A la periodista y escritora norteamericana Joan Didion le gustaban las máximas, pero le gustaban acomodadas a su forma de entender el tránsito hacia lo que encontraba de satisfactorio en una práctica de síntesis entre vida y experiencia; y, es más, con eso fue tejiendo su identidad, la de una cronista avezada y dispuesta a desarmar cualquier presupuesto con que se cifra la realidad, sobre todo la de su país.
“Cuando llegas a algún lugar con una idea preconcebida y hasta con un cuestionario para abordar aquello que se ha marcado como cierto, la más de las veces, si uno quiere llegar al final de las cosas, te das contra la pared, lo que creías cierto no lo es tanto y así todo lo demás se relativiza”, dijo tempranamente en una entrevista en el New York Times, al tiempo que conseguía la atención pública luego de una serie de notas en las revistas Life, The Saturday Evening Post y más tarde en The New York Review of Books, donde escribía sobre el insostenible vacío y el desmadre social de los años de posguerra en su país.

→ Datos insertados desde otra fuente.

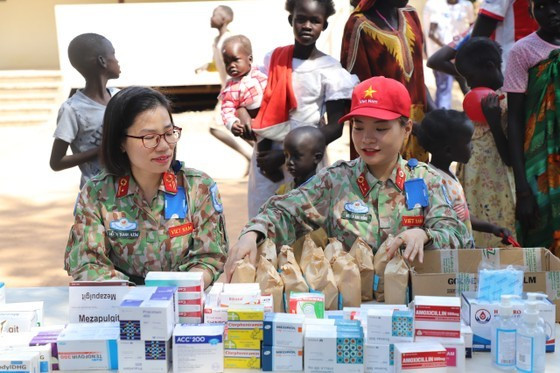 Vietnamese medical workers provide checkups, drugs to locals in South Sudan ảnh 2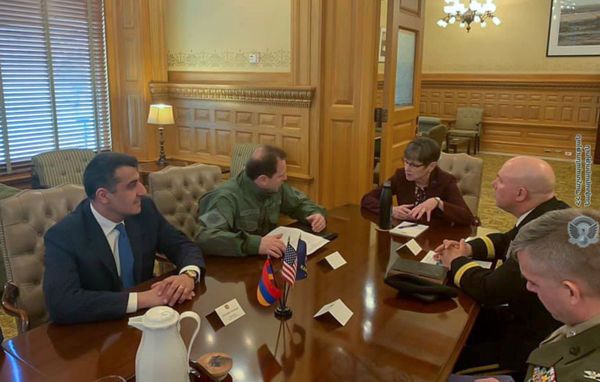 Углубление сотрудничества: министр обороны Армении вручил подарок губернатору Канзаса Углубление сотрудничества: министр обороны Армении вручил подарок губернатору Канзаса - Sputnik Армения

No pasó mucho tiempo hasta que se la reconoció parte de la movida de lo que se nombraría como Nuevo Periodismo (New Journalism), un estilo íntimamente ligado con el también novedoso Non Fiction, donde entre sus más conspicuos hacedores brillaban los nombres de Hunter S. Thompson, Tom Wolfe, Gay Talese, Norman Mailer, Terry Southern y hasta el mismo Truman Capote. Didion logró algo nada fácil en aquel tiempo, que todos estos cronistas y escritores festejaran su certera nota testimonial sobre los hippies de San Francisco y su declamada “revolución pacífica”. Allí se preguntaba: ¿Qué era exactamente esa ola colorida y psicodélica que consumía drogas alucinógenas y protestaba, al mismo tiempo, contra la intromisión norteamericana en Vietnam?, ¿de qué herida social habían surgido esos pelilargos que parecían no reaccionar ante los palos policiales pero estaban siempre ocupando calles e instituciones para denunciar la pena de muerte declarada a los jóvenes con el envío de tropas a la selva asiática?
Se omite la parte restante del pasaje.